I clean up your messes. That is what you’re paying me for. ”
I nod slowly, processing this. “And what do you get out of it, besides the money?”
“Power, Miss Gannon. It’s always about power. Bye now.”
I open the car door, dismissed. Slamming it shut, I step back as O’Donnell drives away from the kerb at a leisurely pace, a richer man than he was a few minutes ago.
I turn to face my guys. Ciar looks like he’s about two seconds away from putting a bullet through O’Donnell’s back windscreen, consequences be damned.
Axl’s casual mask has slipped, his green eyes hard and calculating.
Cillian is a statue, but I can see the muscle ticking in his jaw.
I walk towards them, my legs still trembling from the run, my mind spinning with this new development. A corrupt OCU officer on my payroll. It’s not how I imagined my first day as a property owner would go, but then again, nothing about my life has gone to plan since I stepped foot on this campus.
“What the fuck was that?” Ciar demands the second I’m in earshot, his voice a low, dangerous growl.
“That was me making a strategic alliance,” I say, keeping my voice steady even though my heart is hammering against my ribs. “His name is Liam O’Donnell. He’s OCU, and he’s now on our payroll.”
“How much?” Axl asks, cutting straight to the practical.
I pull the paper from my sports bra and hand it to him. His eyebrows shoot up. “Wow. I hope he’s worth it.”
“So far, he appears to be. All the shit that’s hit the fan since I arrived here has been swept under the rug. He’s a friend of your dad’s.”
“Okay, that makes sense why he came here looking for you and makes me trust him more,” Axl murmurs. “Forward me his payment details.”
I shake my head. “No, I will pay it.”
“With what? Sex?” he asks with a smile.
With a heavy sigh, I pull the note Arthur gave me from my other pocket and hand it to him.
His eyes scan it, then widen fractionally. “Fuck.”
“What?” Ciar snatches it from him, his blue eyes narrowing as he reads.
“My mother.” The woman who couldn’t be arsed to feed me properly or keep her boyfriends’ hands off me paid for me to come here.
“How?” Ciar asks, but his voice trails off as it hits him in the face.
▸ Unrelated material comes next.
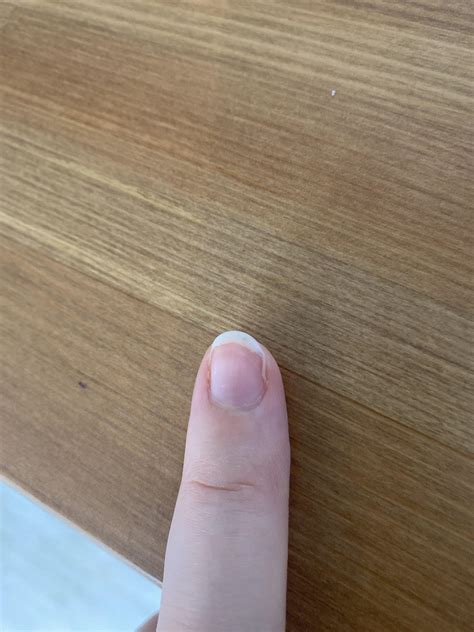 Nail detached on the side? : r/nailbiting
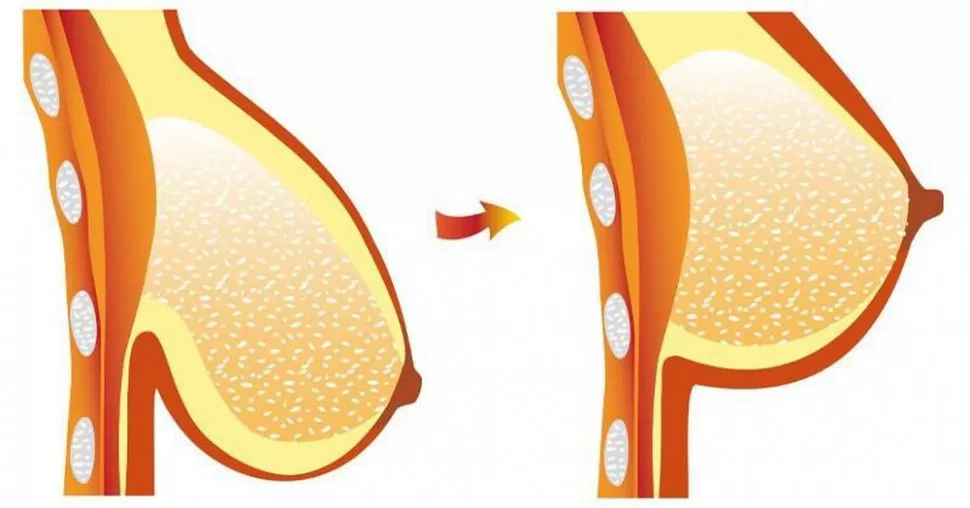 Nâng ngực chảy xệ giá bao nhiêu? Nâng ngực chảy xệ giá bao nhiêu?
There is only one way how. Oisin fucking Gannon gave her a payoff, and she didn’t bother to inform me or spend any of the money on me, until now.
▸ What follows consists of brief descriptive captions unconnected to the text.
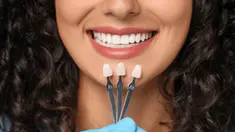 Risques, prix, indications... tout savoir sur les facettes dentaires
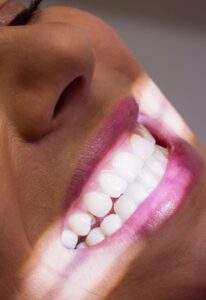 Blanqueamiento dental en Burjassot - Sonreír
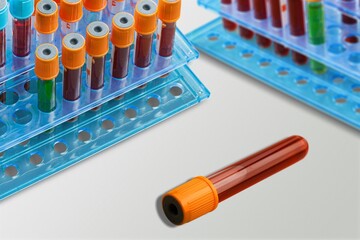 Test tube of blood for Covid-19 Variant test, blood sample with a New Variant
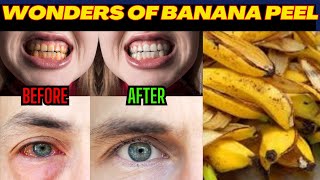 Natural Ways get  Whiter Teeth and Brighter Eyes | Banana Peels on Face DarkCircleRemedy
“His will?” Axl asks, knowing I’m struggling with trying to wrap my head around this.
“Maybe,” I clip out. “Would explain why we lived in poverty for years. If she had had this all along, I don’t think she would have saved it. She’d have flaunted it and pissed it away on booze and drugs.”
“Why now?” Cillian asks.
I snatch the piece of paper from him and shove it back in my bra. “Only one way to find out, right?”